AN OLD chapel could be brought back into use following a clear-up project to enable a County Durham man to bury his mother next to her late husband.

No one had been buried at St Nicholas’ Church, in Providence Row, Durham, for more than 30 years.

But work to clear up the overgrown church yard started after Alan Pepper, from Carrville, on the outskirts of the city, made an enquiry about burying his mother, Edith, there.

Durham Tees Valley Community Rehabilitation Company (DTV CRC) and Durham County Council started the work last September, following the death of the 102-year-old, to enable her to be buried next to her husband James William Pepper.

Mr Pepper, said: “The participants were absolutely brilliant, I can’t thank them enough. You couldn’t see the path leading up to the church as it was so overgrown but now, they have completely transformed the place.

“On behalf of myself and the family, we appreciate the work DTV CRC and the council have done to enable my mother’s burial to take place.”

Since the funeral in September, work has continued to clear the area and is ongoing to keep it tidy.

The Greek Orthodox Church is now hoping to take over the church and is trying to raise £160,000 to bring the building back into a usable condition.

Panos Korovessis, from the Greek Orthodox church in Newcastle, said: “This lovely building was left to ruin and disused so we made enquiries to acquire it, pay for its restoration and use it as our Orthodox Christian chapel.

“We’re hoping to raise £160,000 to pay towards these costs and are working alongside Durham County Council’s planning department. DTV CRC has done a magnificent job by clearing the whole park and making it accessible again.”

A team of 145 offenders, who had to carry out unpaid community work as part of their sentences, were involved, spending 1,250 hours over 36 days to clear away shrub areas, self-seeded trees and brambles.

Martin Briscoe from Durham County Council, said: “DTV and the unpaid work team has done a fantastic job. We’ve formed a really good relationship and worked with them for a number of years on smaller projects, but this is by far the biggest project we’ve delivered together.
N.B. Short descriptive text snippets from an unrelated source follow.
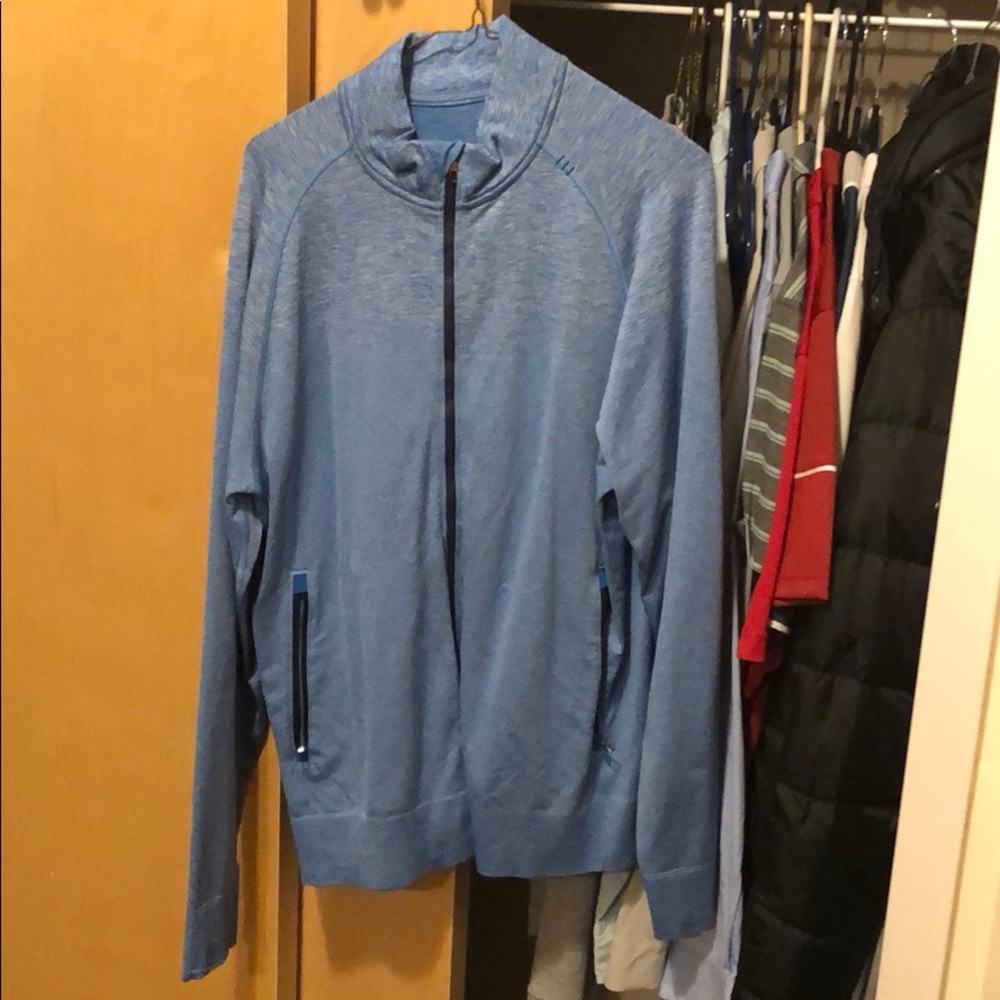Lululemon full zip jacket
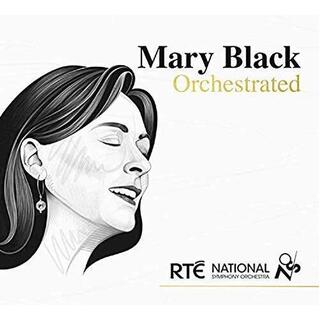 MARY BLACK - Mary Black Orchestrated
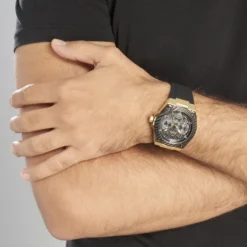 Montre Guess Legacy Noir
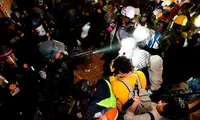 The scandal of using chemical warfare against pro-Palestinian students at Columbia University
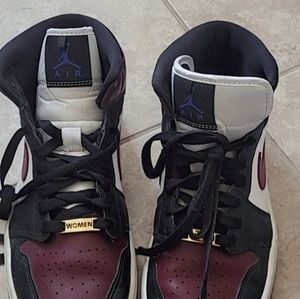 Limited edition Nike Air Woman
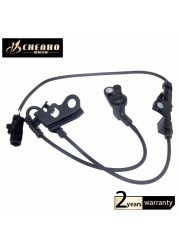 CHENHO Brand New Front Left ABS Speed ​​Sensor Suitable for 09-13 Toyota Corolla 2ZRFE 8954312100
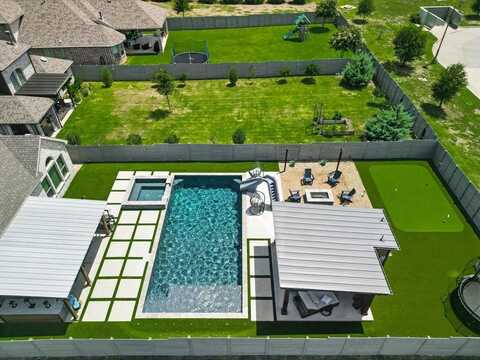 1517 Moss Trail Court, Argyle, TX 76226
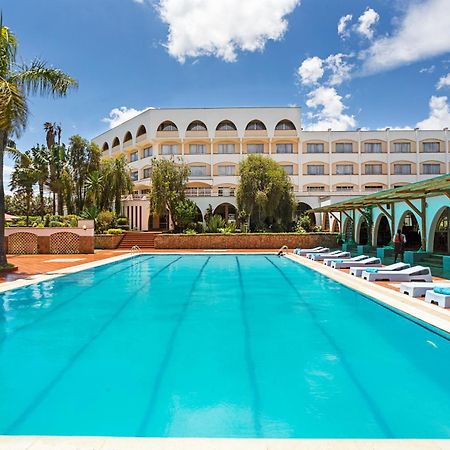 Sirikwa Hotel Eldoret Eksteriør bilde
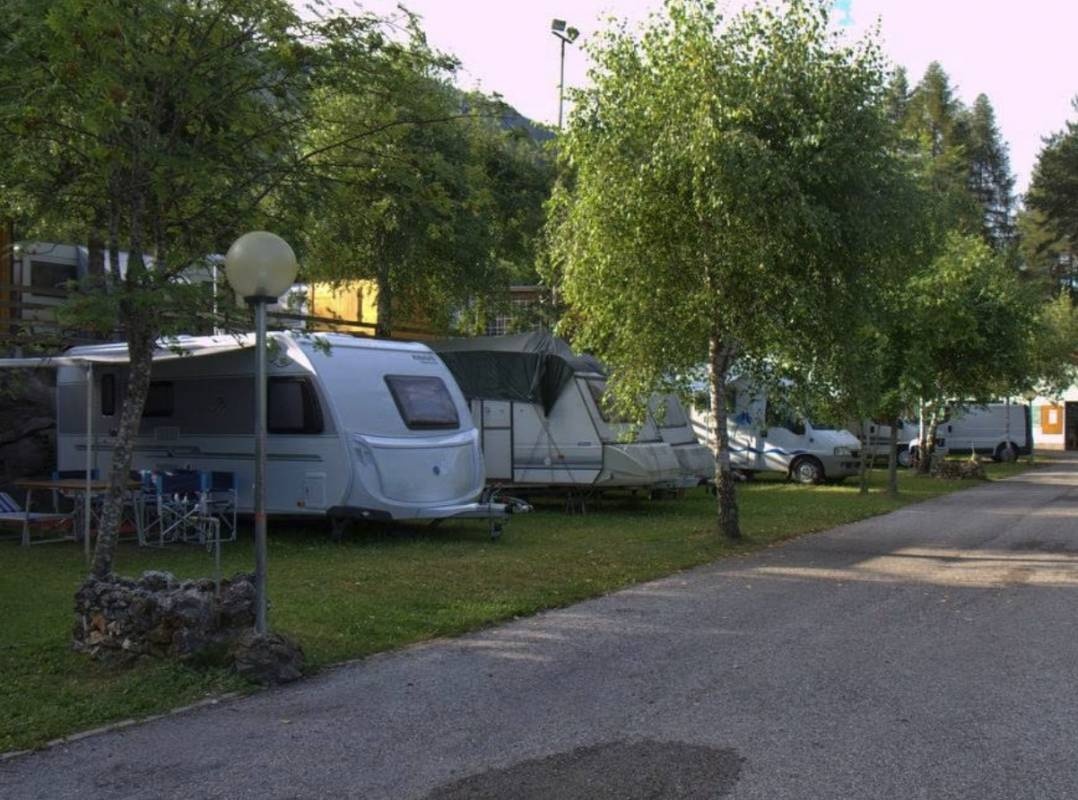 Camping Canè in Fiore — 露营地 in Canè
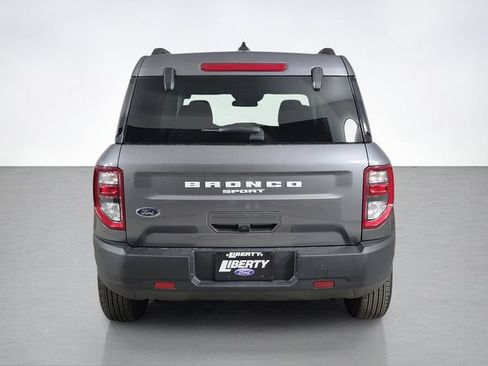 Used 2024 Ford Bronco Sport Big Bend AWD/4WD image 4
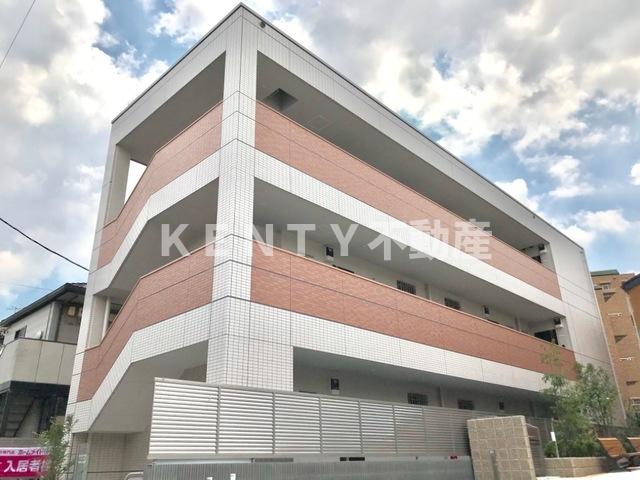 建物外観　建物外観を気になさる方へ、見た目の良い物件です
A lot has been achieved in a short space of time and demonstrates what can be gained by working in partnership.”

Ken Hounam, unpaid work manager at DTV CRC, said: “When Mr Pepper contacted us and told us about his mother’s wish to be buried at the cemetery, we immediately contacted the council and arranged for a team of participants to attend the site.

“It was a huge effort from the team, working in partnership with Durham County Council but we are very proud that our efforts have been recognised.”

Unpaid work provides a structured programme and route for men and women to re-pay the community for the crimes they have committed and works in partnership with local authorities, community groups, charities and sports clubs.

Members of the public can recommend other projects via the DTV CRC website.